Вспомогательный удар решено было нанести из района севернее Дмитрова, в направлении Рогачево — Клин. С этой целью 348-я стрелковая дивизия, прибывавшая из Сибири, 18-я и 24-я кавалерийские дивизии и 923-й стрелковый полк 251-й стрелковой дивизии [33], взаимодействуя с главной группировкой армии и частями 1-й Ударной, должны были овладеть Рогачевом, а затем продолжить наступление на Клин.
Для развития оперативного успеха создавалась подвижная группа в составе 107-й мотострелковой и прибывающей 82-й кавалерийской дивизий (комдив-82 Горин). Им придавался 145-й отдельный танковый батальон майора Савченко. Общее командование группой поручили генерал-майору П. Г. Чанчибадзе.
К вечеру 2 декабря из Сибири прибыли первые части 365-й стрелковой дивизии. Ей, как уже говорилось, предстояло наступать в первом эшелоне армии.
— Давайте съездим к сибирякам, — предложил я Абрамову.
На месте выгрузки встретились с командиром дивизии полковником М. А. Щукиным и военкомом полковым комиссаром А. Ф. Крохиным. Выслушав их доклад, пошли знакомиться с бойцами и командирами прибывшего полка. Настроение у них было хорошее: они горели желанием вступить в бой. Сказав Щукину, что мы решили поддерживать его дивизию 8-й танковой бригадой, посоветовали встретиться с комбригом и договориться о взаимодействии.
— Используйте случай и позаимствуйте боевой опыт, — подсказал Николай Васильевич Абрамов.
Через час я выехал в штаб армии, а член Военного совета остался в дивизии, чтобы договориться с Крохиным об организации партийно-политической работы в связи с полученной задачей.
В штабе армии я узнал, что другие дивизии задерживаются в пути: немцы усиленно бомбили шоссейные дороги и железнодорожную магистраль. Срок наступления приближался. Возник вопрос: просить командование фронта об отсрочке наступательной операции или начинать действовать имеющимися силами.
По закрытой связи меня вызвал к аппарату генерал-лейтенант В. Д. Соколовский.

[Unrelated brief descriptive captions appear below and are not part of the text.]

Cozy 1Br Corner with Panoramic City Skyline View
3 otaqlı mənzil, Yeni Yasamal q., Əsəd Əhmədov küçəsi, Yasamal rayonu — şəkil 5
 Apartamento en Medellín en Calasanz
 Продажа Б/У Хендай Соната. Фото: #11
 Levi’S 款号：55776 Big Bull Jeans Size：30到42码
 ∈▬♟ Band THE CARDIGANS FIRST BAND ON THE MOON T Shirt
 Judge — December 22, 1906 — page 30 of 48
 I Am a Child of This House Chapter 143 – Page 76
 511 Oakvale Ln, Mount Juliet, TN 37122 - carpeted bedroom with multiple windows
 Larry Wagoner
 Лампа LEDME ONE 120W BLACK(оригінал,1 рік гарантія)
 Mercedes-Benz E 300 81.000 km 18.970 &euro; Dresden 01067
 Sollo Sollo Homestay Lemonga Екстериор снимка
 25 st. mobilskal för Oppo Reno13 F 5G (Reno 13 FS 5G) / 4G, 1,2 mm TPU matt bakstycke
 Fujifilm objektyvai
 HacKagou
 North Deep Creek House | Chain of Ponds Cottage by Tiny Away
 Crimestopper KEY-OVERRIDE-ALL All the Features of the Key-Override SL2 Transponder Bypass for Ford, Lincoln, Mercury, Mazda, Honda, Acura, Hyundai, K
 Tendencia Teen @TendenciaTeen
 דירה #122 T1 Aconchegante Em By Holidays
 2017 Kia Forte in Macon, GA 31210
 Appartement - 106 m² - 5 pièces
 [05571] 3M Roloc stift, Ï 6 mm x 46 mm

— Как идет подготовка к наступлению? — спросил он.
— План операции составлен, но нас беспокоит задержка эшелонов с войсками. Нельзя ли ускорить их прибытие? Просим также усилить нас зенитными средствами.
— Будем принимать меры.
Я поделился своими сомнениями о возможности начала операции 5 декабря и попросил его совета насчет отсрочки.
— Нужно все тщательно взвесить, — ответил Соколовский.
Собрался Военный совет армии. Были приглашены командиры и комиссары стрелковых, кавалерийских, моторизованной дивизий и танковых бригад. В ходе обсуждения мнения разошлись. Одни говорили о риске наступать только с ослабленными силами, не дождавшись свежих резервов, и предлагали отодвинуть начало наступления на пять — шесть дней. Это мнение настойчиво отстаивал начальник артиллерии Л. А. Мазанов. «Нельзя наступать без достаточного количества артиллерии, тем более при наличии у противника большого количества танков», — доказывал он. Некоторые командиры и военкомы также склонялись к этой точке зрения (комдив 365-й стрелковой Щукин, комдив 18-й кавалерийской Иванов). Другие считали, что отсрочка наступления позволит неприятелю укрепиться и подтянуть резервы. Тогда нам будет очень трудно прорвать оборону немцев, тем более что танков у нас мало, а у гитлеровцев их сотни. Это соображение упорно доказывал П. Г. Чанчибадзе. И тоже имел поддержку. Аргументы Мазанова и Чанчибадзе не лишены были логики.
Настал самый трудный и ответственный момент для командующего армией — надо было принять окончательное решение. Все мнения выслушаны, теперь твой черед, командарм!
Вернувшись в землянку, я вновь пригласил члена Военного совета и начальника штаба армии. По их лицам сразу понял, что они тоже ждали этого разговора, хотели еще раз подумать вместе со мной.